How many times have I heard people predicting an impending disaster that never materialized?
1. The Big Earthquake
As far as I recall, it began when I was a small child in California. Then, people told me that the Big One was coming—a massive earthquake that would all but destroy Los Angeles. We were sitting on a fault line, you see, and were overdue for an earthquake. The longer it took, the bigger it would be. Everyone had to be prepared. We should keep emergency supplies in our houses. There were ‘disaster drills’ in school wherein we would hide under our desks and cover our necks and eyes. Someone told me that in the Big Earthquake, the streets of Los Angeles would be covered in shattered glass a foot deep.

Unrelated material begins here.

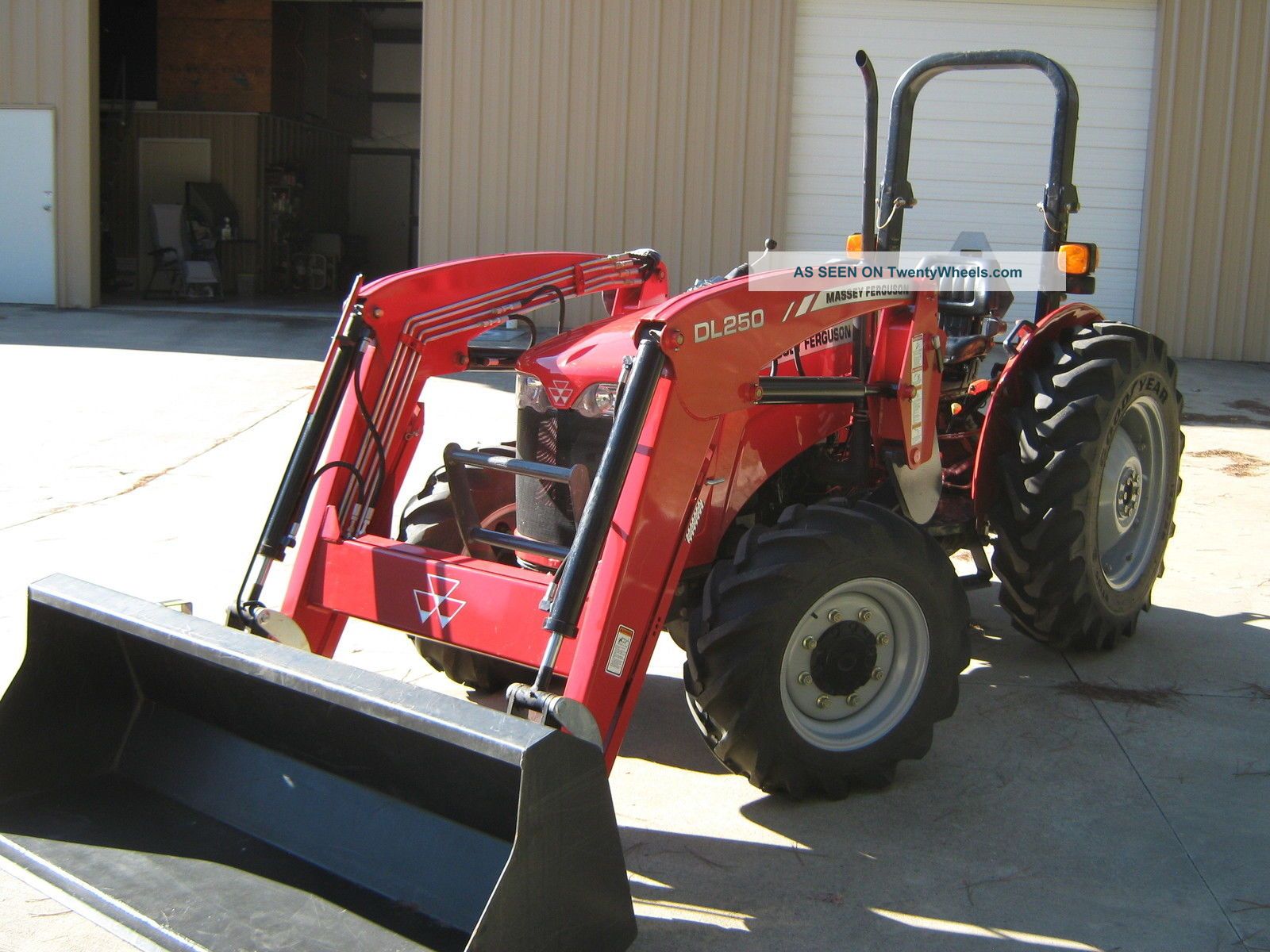 Massey Ferguson 2605 — view 2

Decades later, I’m still waiting. I assume people have stopped talking about it. I did experience an earthquake once, though. I was at UC Berkeley at the time. I felt a slight tremor in the ground one afternoon, which I ignored and went about my business. Later in the day, I turned on the television to find that every channel was filled with breathless news reporting on the utter devastation that had just taken place. A freeway interchange and part of the Oakland Bay Bridge had collapsed! Even though I lived in the area affected by this disaster, it had no detectable impact on my life apart from my television viewing experience.
2. Killer Bees
As a child, I was also warned about the terrifying threat of Killer Bees, some kind of ant that was going to be coming to America through Mexico, and of course, snakes, especially rattlesnakes. I saw a garter snake one time. The others never showed up, and I just stopped hearing about them.
3. The Year 2000 Bug
Many today no longer remember this, but during the last years of the 20th century, a lot of people were freaking out about the Year 2000 Bug, a widespread computer programming mistake that was going to induce unpredictable computer failures when the year changed over from 1999 to 2000. Apparently, during the early days of computing, a lot of programs had been written in which dates were recorded with just two digits for the year (e.g., “84” to represent 1984). As a result, they couldn’t distinguish 2000 from 1900. Many of these programs were still in use all over our society, and no one really knew how widespread the problem was. Presumably, when the date switched over to “00”, the computers would treat that as earlier than “99”, with unpredictable consequences.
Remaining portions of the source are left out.